Manuscritos milenares são um cálice sagrado para a arqueologia, pois a maioria deles não sobrevive aos séculos. Mas, quando encontrados, podem mudar o conhecimento. Foi por esse motivo que quinze pergaminhos, que teriam vindo de uma caverna às margens do Mar Morto, causaram sensação internacional no distante ano de 1883. Seu descobridor, o antiquário Moses Shapira, afirmava tratar-se de fragmentos do Deuteronômio, livro do Velho Testamento com as leis de Moisés. Shapira vendeu o achado por uma pequena fortuna ao Museu Britânico, que, antes de pagar por ele, contratou um especialista para aferir a autenticidade. O veredicto foi devastador: o material era falso. Humilhado, o antiquário cometeu suicídio seis meses depois. Os manuscritos foram a leilão por uma ninharia e — eis aqui o primeiro enigma — desapareceram para sempre.
As dunas do tempo cobriram o caso, até que, em 1947, dois pastores de cabras, bisbilhotando uma caverna em Qumran, no mítico Deserto da Judeia, encontram pedaços de couro com inscrições em hebraico antigo. Inadvertidamente, eles haviam feito uma descoberta histórica: sete pergaminhos, com cerca de 2 000 anos, que, depois de passar pelas mãos de comerciantes e leiloeiros, acharam lar definitivo no Museu de Jerusalém, em Israel. Uma reprodução do mais completo deles — o Livro de Isaías do Velho Testamento — está no expositor circular do majestoso Santuário do Livro. Autenticados por experts, os manuscritos do Mar Morto, como ficaram conhecidos, provocaram uma corrida por mais artefatos nas mais de 600 cavernas da região. Milhares de outros fragmentos foram encontrados, às vezes do tamanho de uma unha, tanto por arqueólogos respeitados quanto por negociantes sedentos por lucro.

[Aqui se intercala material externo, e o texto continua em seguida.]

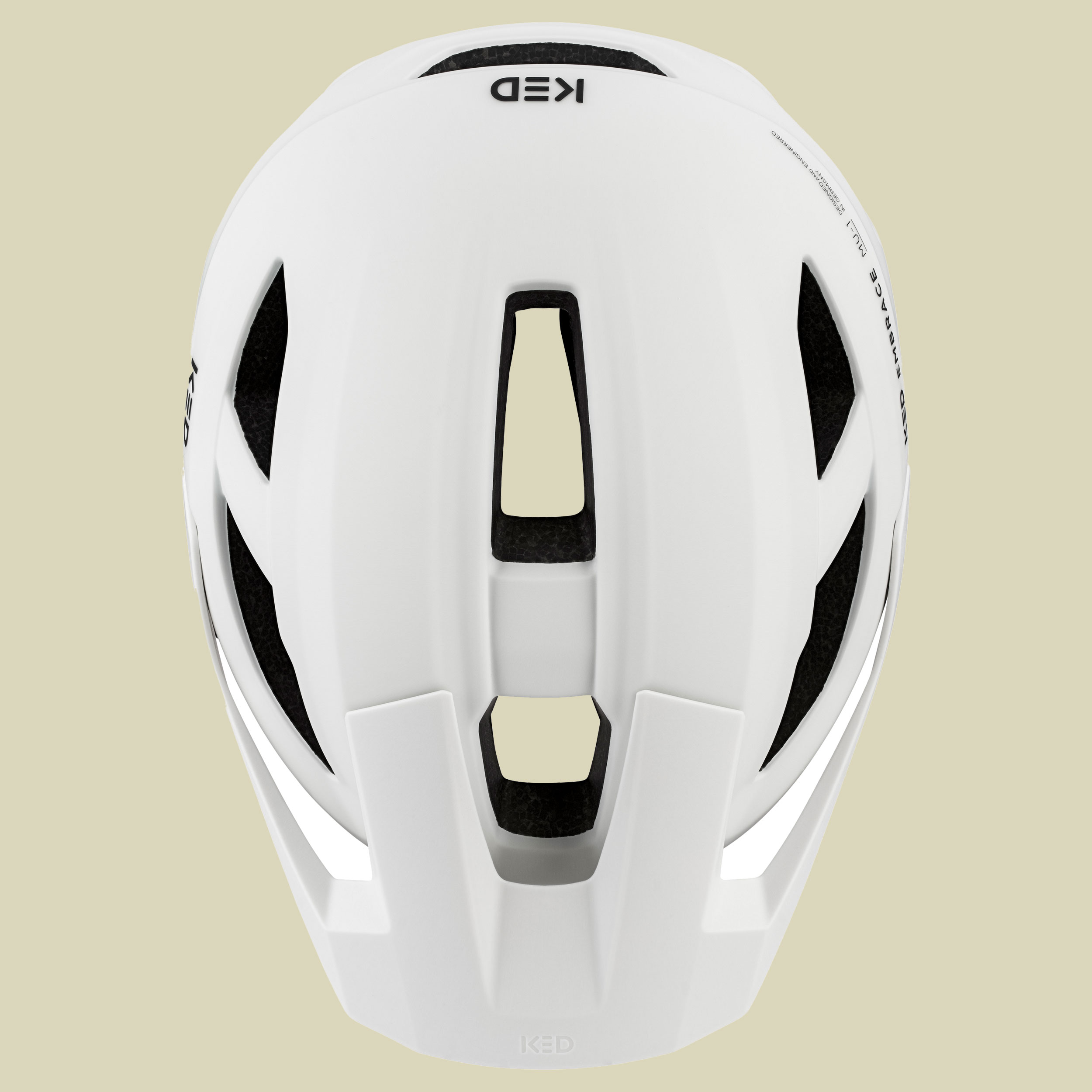 Embrace MU-1 M (54-58 cm) weiß - Farbe white matt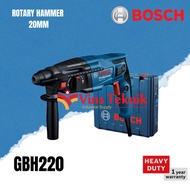 Rotary hammer 20mm GBH220 BOSCH GBH 220 mesin bor beton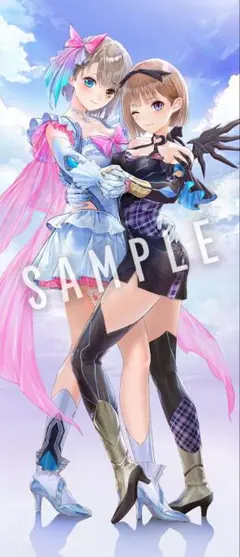 【受注生産限定！】 ブルーリフレクション 白井日菜子 等身大タペストリー ブルーリフレクション Qureate 等身大タペストリー 白井日菜子 星崎愛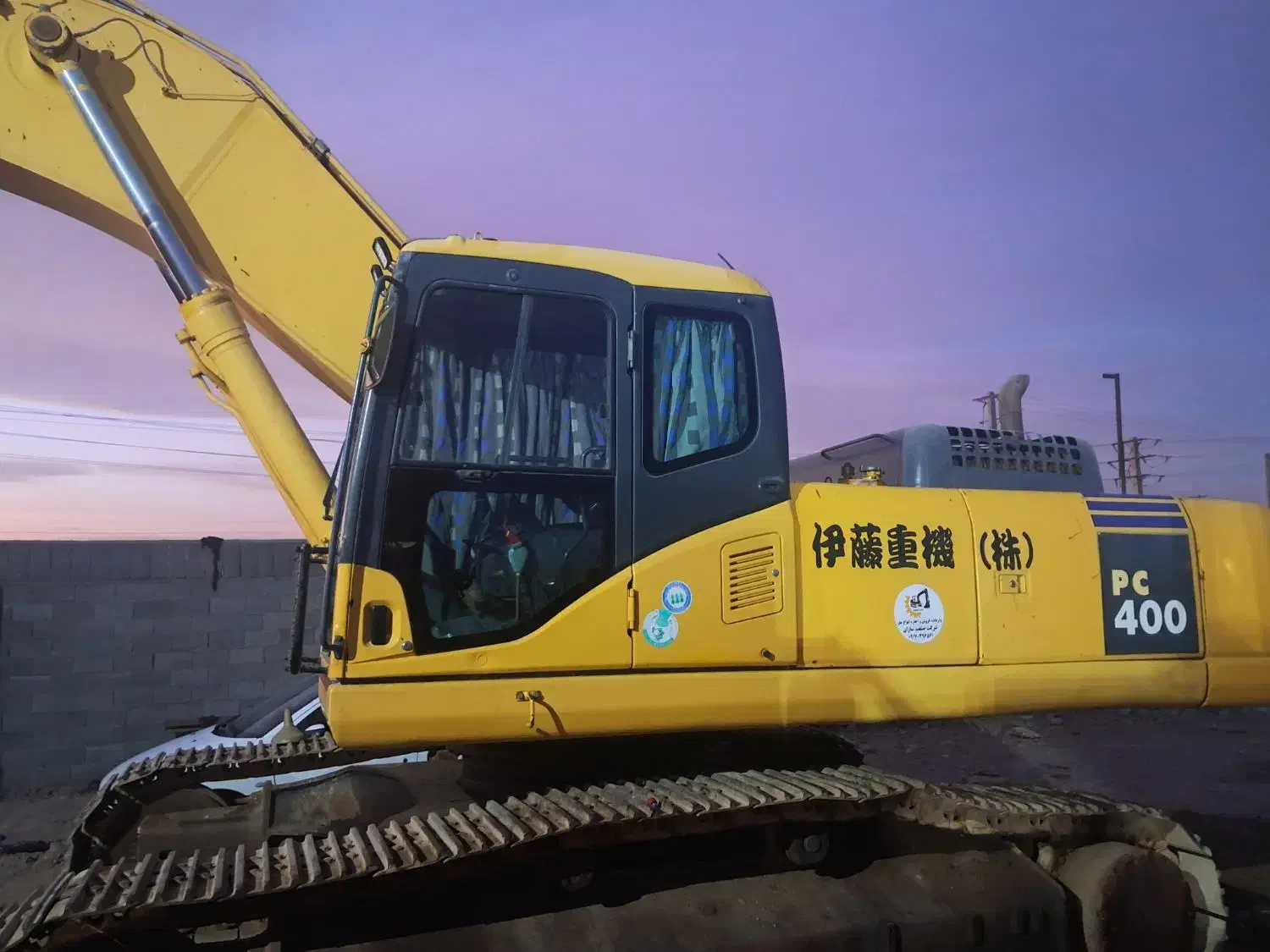 بیل مکانیکی کوماتسو 400 خط7|خودرو سنگین|کرمان, |دیوار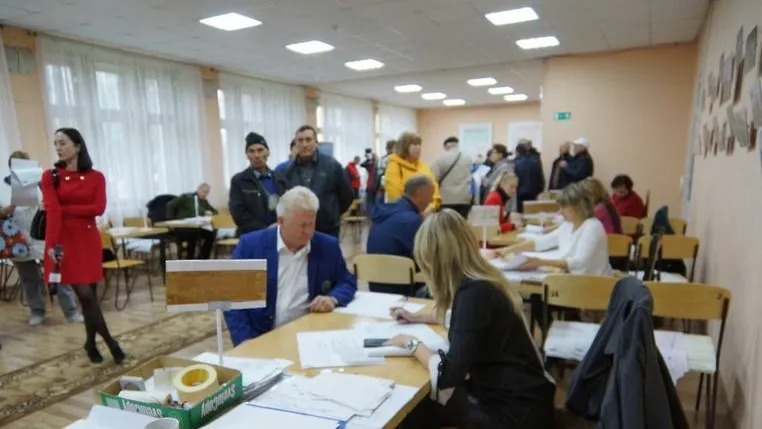 Явка на выборах в Подольске на 18:00 19 сентября составила 34,8%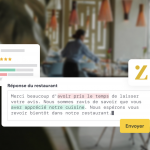 Avis en ligne : Zenchef intègre désormais ChatGPT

O anúncio recente de mais pedaços de manuscritos descobertos em 2019 — e mantidos em segredo até há poucos dias para afastar saqueadores — reacendeu o interesse pelos povos que viveram na região em mais de uma época. Os fragmentos, escritos em grego, estavam em camadas inferiores da Caverna do Horror, cerca de 38 quilômetros ao sul de Qumran e assim chamada porque ali, em 1960, foram localizados os restos mortais de quarenta homens, mulheres e crianças — provavelmente vítimas do cerco romano aos judeus no século II. Na mesma caverna, cuja entrada está em uma ravina acessível só por cordas, foram encontrados um vaso de mais de 10 000 anos e a múmia de 4 000 anos de uma criança. Ainda não se sabe que tipo de revelação tais relíquias podem trazer. Como toda a região pulula de escritos em aramaico, hebraico e grego, e tendo em vista a descoberta de um artefato pré-histórico, estudiosos divergem sobre os grupos que habitaram as cavernas e que achados podem vir daí. As teorias vão desde tribos hebraicas que fugiram da queda de Jerusalém até grupos dissidentes do judaísmo, com os quais, apenas se especula, Jesus de Nazaré teria convivido.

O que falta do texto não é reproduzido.